**Try it**. Set down, please, exactly the lines below that run from the line with "this 60×34 image." to the line with "this 800×600 image.", both lines included.

**Records provided**.

*** Block opens ***

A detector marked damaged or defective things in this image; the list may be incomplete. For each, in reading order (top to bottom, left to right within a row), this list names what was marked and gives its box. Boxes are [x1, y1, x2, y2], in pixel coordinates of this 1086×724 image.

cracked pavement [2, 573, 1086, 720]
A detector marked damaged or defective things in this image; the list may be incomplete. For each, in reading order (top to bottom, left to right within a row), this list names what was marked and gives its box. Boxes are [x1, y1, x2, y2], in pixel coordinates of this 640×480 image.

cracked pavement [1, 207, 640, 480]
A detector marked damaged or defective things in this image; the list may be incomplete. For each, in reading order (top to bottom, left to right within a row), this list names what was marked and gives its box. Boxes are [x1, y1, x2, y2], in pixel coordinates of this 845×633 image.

*** Block closes ***
*** Block opens ***

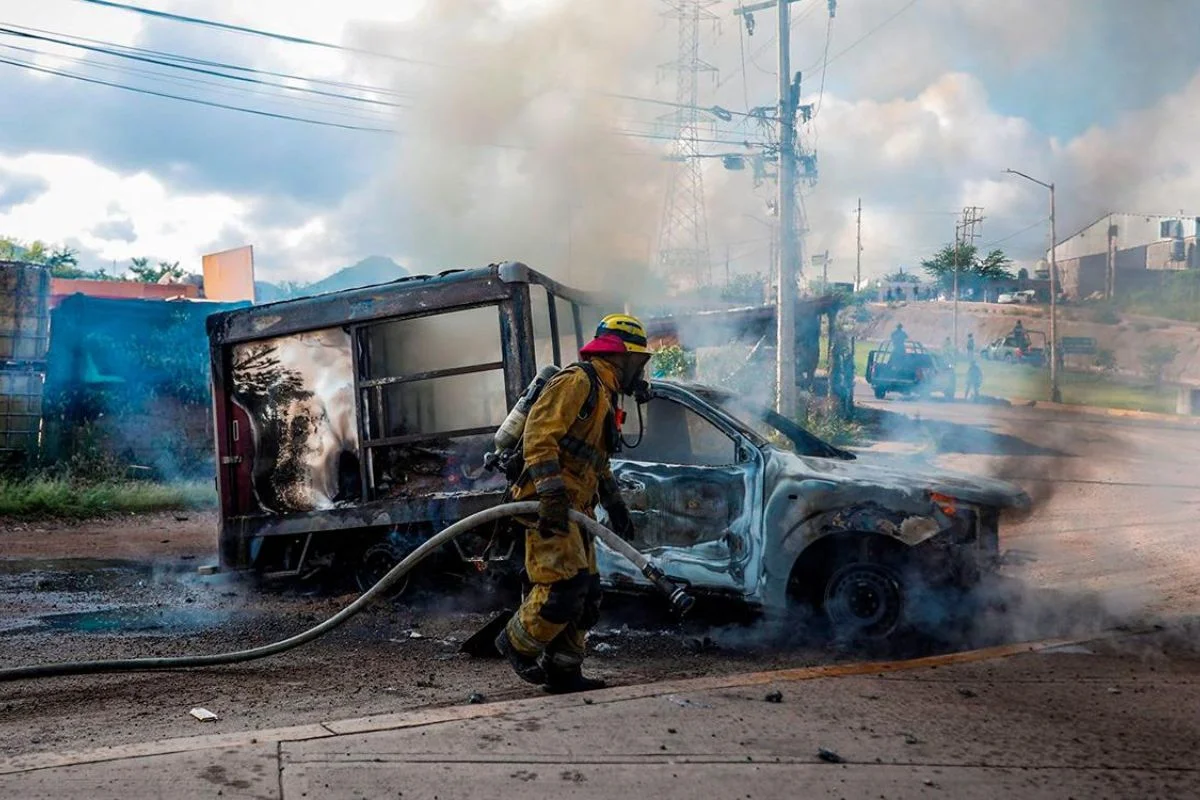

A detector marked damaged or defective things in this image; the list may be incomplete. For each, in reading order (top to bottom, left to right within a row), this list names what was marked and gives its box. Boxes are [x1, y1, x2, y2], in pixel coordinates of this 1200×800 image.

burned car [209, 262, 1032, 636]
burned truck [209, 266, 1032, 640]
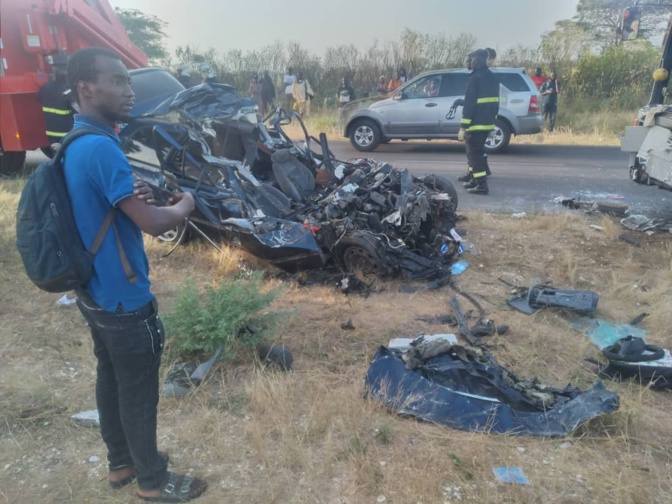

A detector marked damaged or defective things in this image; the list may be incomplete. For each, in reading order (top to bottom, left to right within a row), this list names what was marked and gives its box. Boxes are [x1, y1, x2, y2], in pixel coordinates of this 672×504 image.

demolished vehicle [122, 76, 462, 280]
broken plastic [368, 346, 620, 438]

*** Block closes ***
*** Block opens ***

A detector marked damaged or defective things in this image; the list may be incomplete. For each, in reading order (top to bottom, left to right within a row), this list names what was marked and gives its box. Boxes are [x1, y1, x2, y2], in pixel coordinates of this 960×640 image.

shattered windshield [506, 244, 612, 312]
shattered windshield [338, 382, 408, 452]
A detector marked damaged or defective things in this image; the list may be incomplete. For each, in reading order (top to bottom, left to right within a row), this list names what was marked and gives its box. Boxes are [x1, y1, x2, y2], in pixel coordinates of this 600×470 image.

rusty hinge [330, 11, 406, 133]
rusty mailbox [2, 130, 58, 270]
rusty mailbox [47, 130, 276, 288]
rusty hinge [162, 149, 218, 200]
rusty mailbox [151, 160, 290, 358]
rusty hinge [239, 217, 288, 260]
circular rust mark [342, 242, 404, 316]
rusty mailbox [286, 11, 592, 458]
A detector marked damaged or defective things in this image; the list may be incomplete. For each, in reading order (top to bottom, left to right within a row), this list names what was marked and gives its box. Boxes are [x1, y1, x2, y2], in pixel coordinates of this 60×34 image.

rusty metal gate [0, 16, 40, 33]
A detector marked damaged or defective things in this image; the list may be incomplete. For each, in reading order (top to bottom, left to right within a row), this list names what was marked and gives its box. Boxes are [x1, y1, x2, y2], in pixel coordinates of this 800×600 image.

*** Block closes ***

**Solution to the exercise**.
A detector marked damaged or defective things in this image; the list may be incomplete. For each, in reading order (top to bottom, left to right within a row), this list names what was marked and gives its box. Boxes are [x1, y1, x2, y2], in pixel coordinates of this 60×34 image.

rusty metal gate [0, 16, 40, 33]
A detector marked damaged or defective things in this image; the list may be incomplete. For each, in reading order (top to bottom, left to right within a row), this list names what was marked and gives its box. Boxes are [x1, y1, x2, y2], in pixel coordinates of this 800×600 image.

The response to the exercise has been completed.